Could the lines from the one with "2. Регистрация и" through the end of the listing be restated exactly, with nothing else included?
__________________________________________________
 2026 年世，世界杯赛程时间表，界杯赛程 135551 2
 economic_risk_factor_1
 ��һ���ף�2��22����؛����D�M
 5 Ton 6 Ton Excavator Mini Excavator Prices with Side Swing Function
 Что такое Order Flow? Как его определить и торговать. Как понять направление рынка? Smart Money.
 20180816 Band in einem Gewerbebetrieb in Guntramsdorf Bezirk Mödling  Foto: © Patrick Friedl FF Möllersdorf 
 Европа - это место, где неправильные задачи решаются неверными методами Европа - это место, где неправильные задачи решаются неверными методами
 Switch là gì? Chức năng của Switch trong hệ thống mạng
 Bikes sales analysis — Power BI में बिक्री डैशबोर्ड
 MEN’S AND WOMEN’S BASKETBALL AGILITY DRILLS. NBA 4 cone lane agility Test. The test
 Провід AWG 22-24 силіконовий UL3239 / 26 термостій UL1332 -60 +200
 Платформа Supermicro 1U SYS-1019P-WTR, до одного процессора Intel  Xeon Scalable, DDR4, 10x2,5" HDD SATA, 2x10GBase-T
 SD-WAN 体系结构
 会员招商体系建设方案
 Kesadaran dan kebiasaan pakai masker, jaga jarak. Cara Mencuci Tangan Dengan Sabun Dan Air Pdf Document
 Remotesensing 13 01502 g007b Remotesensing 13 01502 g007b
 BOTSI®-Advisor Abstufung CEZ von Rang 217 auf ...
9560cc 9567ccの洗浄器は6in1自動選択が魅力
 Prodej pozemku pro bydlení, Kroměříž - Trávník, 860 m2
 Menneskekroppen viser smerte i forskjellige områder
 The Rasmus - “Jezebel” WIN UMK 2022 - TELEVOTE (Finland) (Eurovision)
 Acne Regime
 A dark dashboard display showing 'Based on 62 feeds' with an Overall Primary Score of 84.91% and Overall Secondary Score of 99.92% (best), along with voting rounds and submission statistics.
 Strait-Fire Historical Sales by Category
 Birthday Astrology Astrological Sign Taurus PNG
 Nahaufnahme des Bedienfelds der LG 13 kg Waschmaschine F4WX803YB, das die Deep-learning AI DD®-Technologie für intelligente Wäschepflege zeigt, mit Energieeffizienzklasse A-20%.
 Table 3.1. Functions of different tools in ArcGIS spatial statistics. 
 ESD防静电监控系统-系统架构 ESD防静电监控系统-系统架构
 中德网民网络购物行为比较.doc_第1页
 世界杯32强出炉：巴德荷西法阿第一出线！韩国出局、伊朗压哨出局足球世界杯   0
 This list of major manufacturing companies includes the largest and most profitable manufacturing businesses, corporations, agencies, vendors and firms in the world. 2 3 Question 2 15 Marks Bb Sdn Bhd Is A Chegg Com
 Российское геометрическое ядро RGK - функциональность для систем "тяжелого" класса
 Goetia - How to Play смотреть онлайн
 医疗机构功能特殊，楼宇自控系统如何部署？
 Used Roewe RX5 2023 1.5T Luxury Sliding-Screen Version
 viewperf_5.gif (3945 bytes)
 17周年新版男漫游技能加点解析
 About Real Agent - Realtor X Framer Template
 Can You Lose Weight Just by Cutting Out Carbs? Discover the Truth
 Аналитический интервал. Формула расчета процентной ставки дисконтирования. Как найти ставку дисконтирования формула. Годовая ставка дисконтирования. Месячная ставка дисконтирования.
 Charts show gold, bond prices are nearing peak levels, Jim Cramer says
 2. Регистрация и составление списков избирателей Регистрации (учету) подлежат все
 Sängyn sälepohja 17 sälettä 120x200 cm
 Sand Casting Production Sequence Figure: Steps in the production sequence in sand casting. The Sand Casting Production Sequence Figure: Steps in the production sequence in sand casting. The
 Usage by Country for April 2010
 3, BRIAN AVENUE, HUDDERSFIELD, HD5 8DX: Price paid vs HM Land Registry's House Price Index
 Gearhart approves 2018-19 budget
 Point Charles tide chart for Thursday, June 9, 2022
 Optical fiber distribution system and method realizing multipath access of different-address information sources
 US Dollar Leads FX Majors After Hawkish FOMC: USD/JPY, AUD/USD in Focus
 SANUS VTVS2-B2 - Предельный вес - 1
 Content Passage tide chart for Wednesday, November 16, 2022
__________________________________________________
EXERCISE OUTPUT>
 2. Регистрация и составление списков избирателей Регистрации (учету) подлежат все
 Sängyn sälepohja 17 sälettä 120x200 cm
 Sand Casting Production Sequence Figure: Steps in the production sequence in sand casting. The Sand Casting Production Sequence Figure: Steps in the production sequence in sand casting. The
 Usage by Country for April 2010
 3, BRIAN AVENUE, HUDDERSFIELD, HD5 8DX: Price paid vs HM Land Registry's House Price Index
 Gearhart approves 2018-19 budget
 Point Charles tide chart for Thursday, June 9, 2022
 Optical fiber distribution system and method realizing multipath access of different-address information sources
 US Dollar Leads FX Majors After Hawkish FOMC: USD/JPY, AUD/USD in Focus
 SANUS VTVS2-B2 - Предельный вес - 1
 Content Passage tide chart for Wednesday, November 16, 2022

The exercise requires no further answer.